Una pausa: Veracruz
(A Enrique Vila Matas, por 'Lejos de Veracruz')
Poeta neorromántico, ¡ya entonces!, fue el mexicano Salvador Díaz Mirón (1883-1928) hijo egregio y violento de Veracruz. Llamó Lascas a muchos de sus poemas endiablados y en ellos dejó entrever, de galope, cómo las verdaderas pasiones tendrían siempre que llamarse así. Opositor perpetuo y eterno pendenciero, admirador de Víctor Hugo y todavía más pirata que Espronceda, don Salvador sabía defenderse de cualquier hecho y, a renglón seguido, de palabra argüir: "Tu traición justifica mi falsía, / aunque lo niegues con tu voz de arrullo; / mi amor era muy grande, pero había / algo más grande que mi amor: mi orgullo". De esa altivez quedan grandilocuentes huellas a partir de sus juveniles artículos periodísticos, que acabarán por empujarle al exilio en 1876. Dos años después de dicha fecha, siendo ya diputado de la legislatura local por el distrito de Jalcingo, tuvo el poeta un encontronazo a tiros, en Orizaba, con un rival que también se las traía, pues la dura verdad es que le destrozó la clavícula izquierda al escritor y le dejó in servible, de por vida, el brazo correspondiente. ¿Un incidente aislado del destino fogoso? Algo más: el prólogo perfecto para llegar a coger el ritmo de lo repetitivo, obsesivo, fatal, cantable: "¡Odio al burgués y desestimo al paria, / y en el conflicto de los monstruos, hiero / de filo al prócer y de plano al sudra!". En 1883, el cantor pasa a mayores y mata a un gachupín, llamado Leandro Llada, en el bello puerto de Veracruz; eso sí, pareció quedar claro que fue nuestro compatriota el que tuvo la idea de pegar primero. Lo curioso es que, con razón a la española o sin ella, cosas tales acaben por dar gusto, pues el tenaz Díaz Mirón, a la sazón ya secretario del Cabildo de Veracruz, vuelve a las andadas en 1883 y acaba con la existencia de otro inquieto sujeto, Federico Wolter, no de un hondo plumazo volandero, sino "en defensa propia".

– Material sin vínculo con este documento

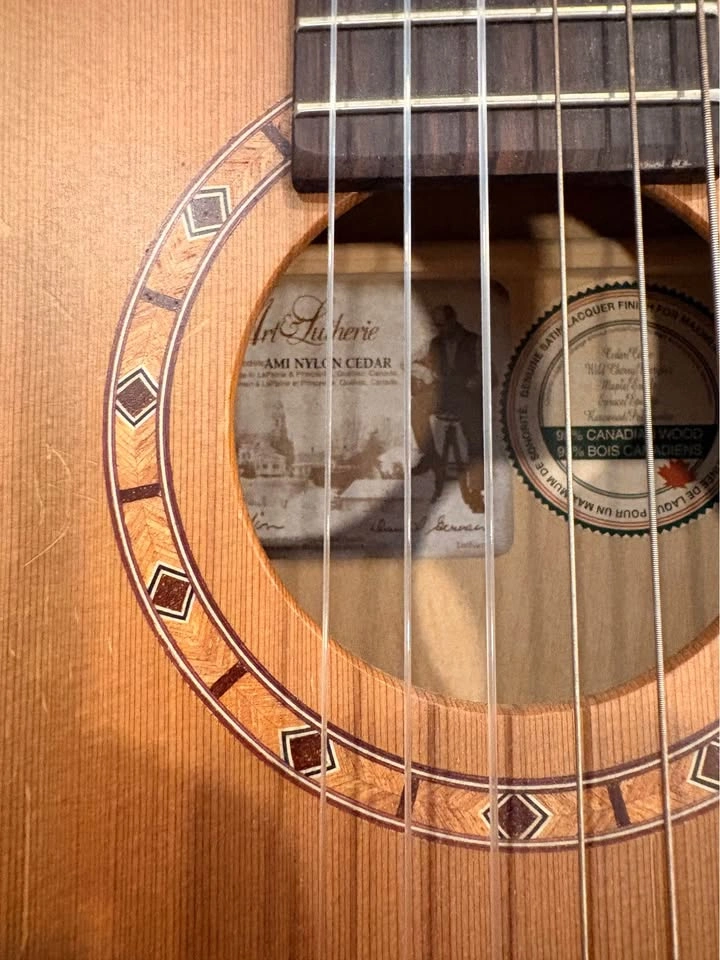 Art & Luthrie Acoustic Guitar - photo 4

No han pasado siete años desde ese asesinato, cuando nos reencontramos con el presunto inocente en el trance de intentar dar caza al bandolero Santanón; acaso porque no lo conseguía, le arreó una paliza histórica a un diputado por Oaxaca. Tan sólo a un año de su muerte, conseguimos tener nuevas noticias del genio merced a la somanta que le propinó, en calidad de profesor de historia y director de colegio, a un alumno veracruzano. Nada de eso impidió que, gracias al aliento poético, su cadáver fuese velado, con todos los honores, en la Biblioteca del Pueblo de Veracruz y luego trasladado a la Rotonda de los Hombres Ilustres, en la Ciudad de México, donde, desde aquel lejano día su mano larga al fin descansa. No es el perfil biográfico del autor de Lascas un compendio atinado del carácter jorocho, si bien en la obsesión y en el orgullo sería muy difícil negarse a reconocer un clima. Pero tiene la noble gente de Veracruz, por favor, otras tonalidades de seducción: sensualidad, sutileza y un mirar que pregona haberlo visto todo. Un mirar que es bailable, mas paso a paso, como en la película Danzón se enseña. Y un algo más que allí se insinúa; a saber, que la indecisión radical es viajera, pues se imagina (de espaldas al quehacer) que una repentina mudanza bastaría para hacerse a la idea, para darle serenidad al simple hecho de que todo y nada van a seguir siendo así. Pero mientras tanto, en Veracruz, bajo ventiladores, entre marimbas permanentes y miradas fugaces, se puede ser feliz. O la desdicha pende del apabullante consuelo: "Vende, caro tu amor, aventurera, / da el precio de dolor a tu pasado, / y aquel que de tus labios la miel quiera, / que pague con brillantes tu pecado".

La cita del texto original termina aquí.